Abstract

Over the period of 4–5 decades of the field electrophysiology on neural signal events in single cell recording, it can be concluded that there is production of far field potentials containing near synchronous field patterns might reach at the scalp electrodes. These neural signals then can be analyzed and converted into the control signals for computers and other electronic devices. Electroencephalography (EEG) is a method to acquire these neural signals from the scalp of human brain. EEG signals are simple, economical and have high temporal resolution properties. These properties make it advantageous to use widely in the medical as well as non-medical applications. The event related synchronization and desynchronization (ERS/ERD) pattern present in EEG during sensory motor imagery (SMI) process over the cortical area is an important feature to take BCI towards realistic approach. The accurate classification of these ERS/ERD pattern present in EEG signal is dependent on classification accuracy of different classifiers. So, the objective of the paper is to analyze the classification accuracy of linear and non-linear classifiers used for BCI system design.

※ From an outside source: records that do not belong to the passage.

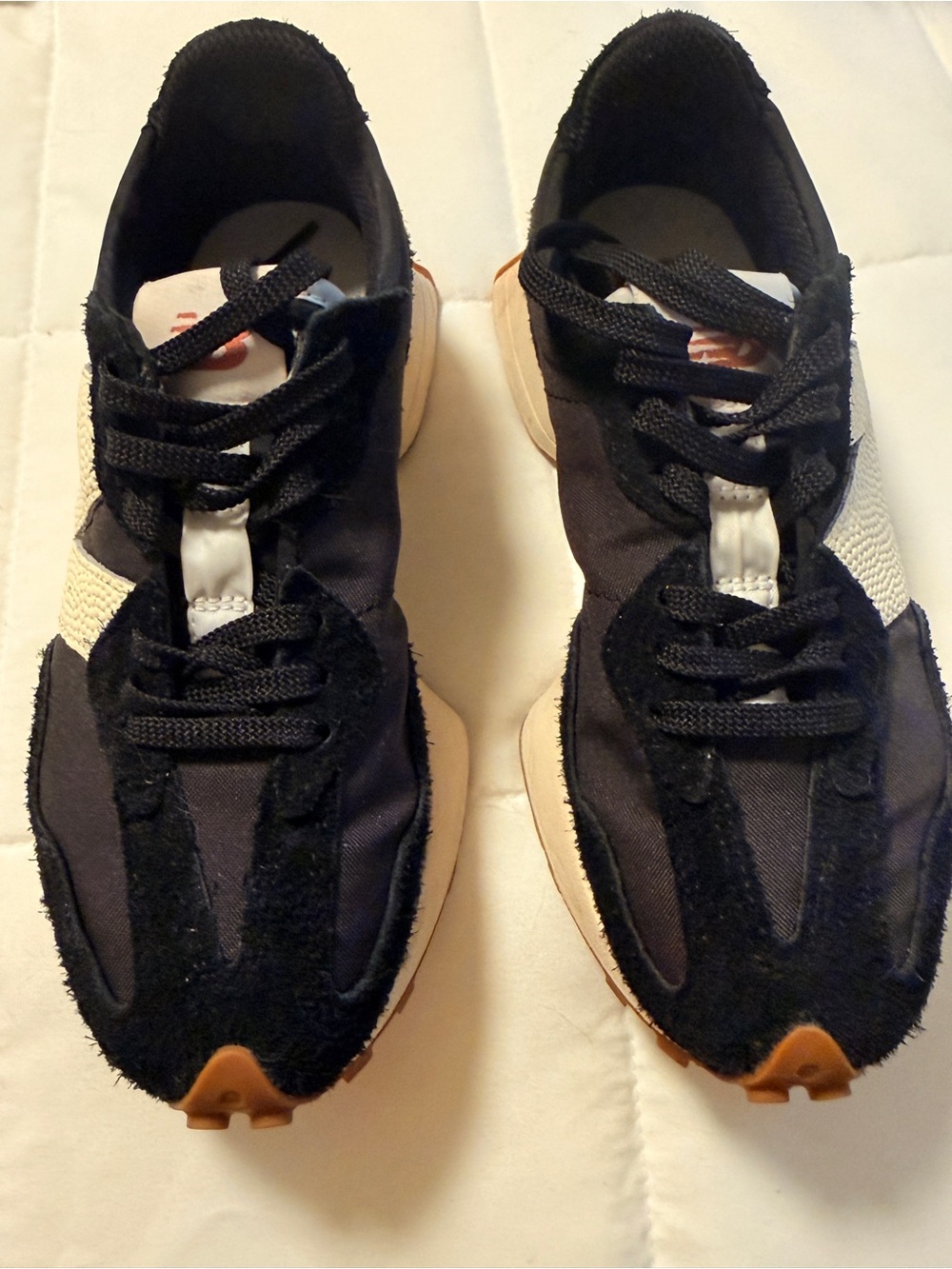 New Balance 327 Black Cream Gum Sneakers Women’s Size 5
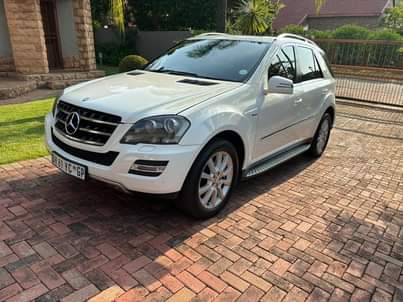 bakkies A.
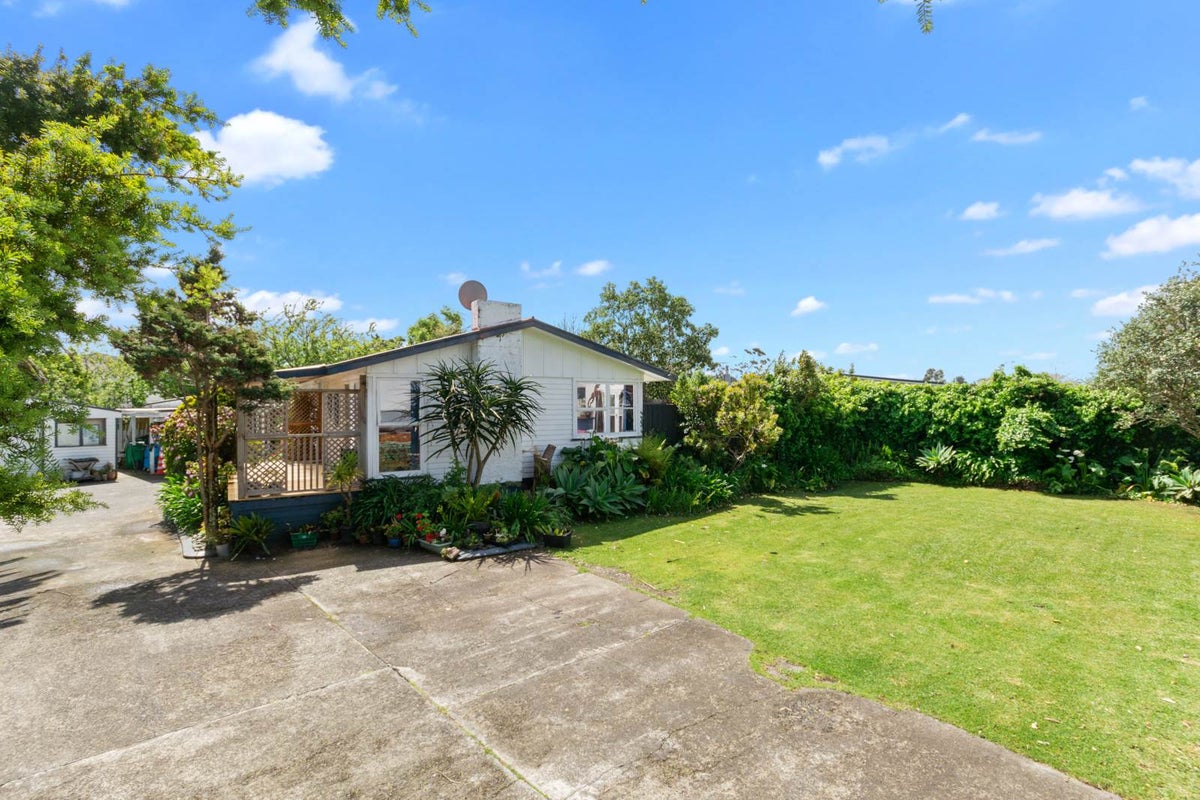 6 Tamariki Avenue, Kelston, Auckland - Carousel 1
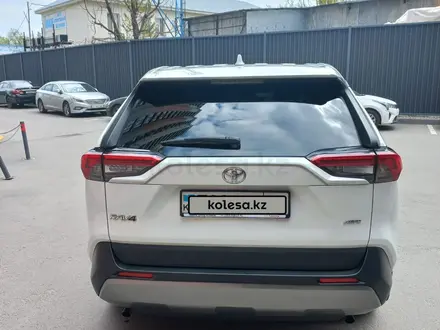 Toyota RAV4 2020 года за 14 800 000 тг. в Алматы – фото 6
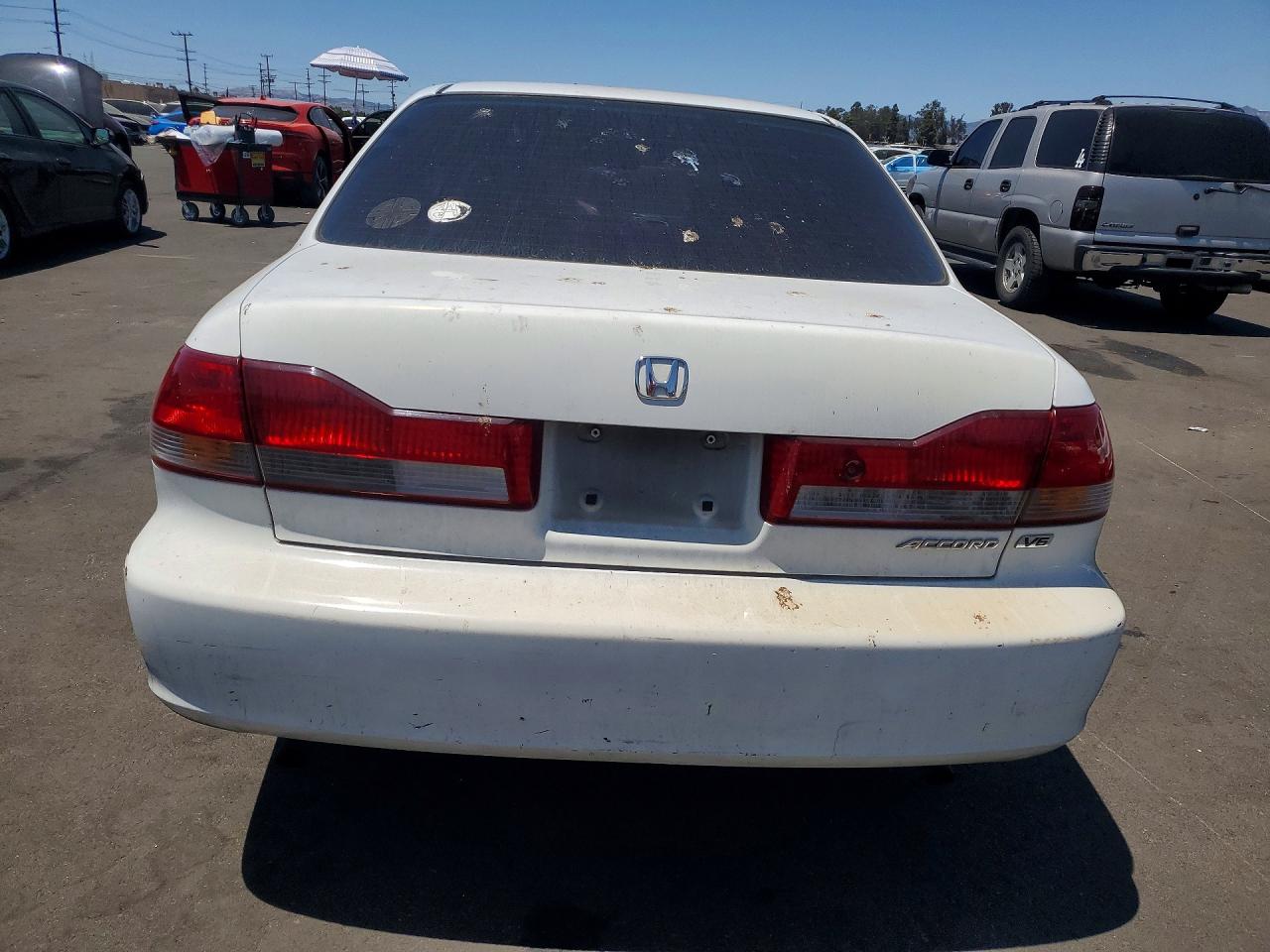 2002 Honda Accord Ex White vin: 1HGCG16572A058610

This paper also presents the comparative study of linear (Linear discriminant analysis and Support Vector Machine) and non-linear classifiers (Bayesian and Radial Basis Function-Support Vector Machine) using BCI competition IV dataset 2a. The result concluded that linear classifiers (LDA and SVM) have outperformed the non-linear classifiers on EEG data with the average performance across subjects 75.26±12.23, 72.42±11.12.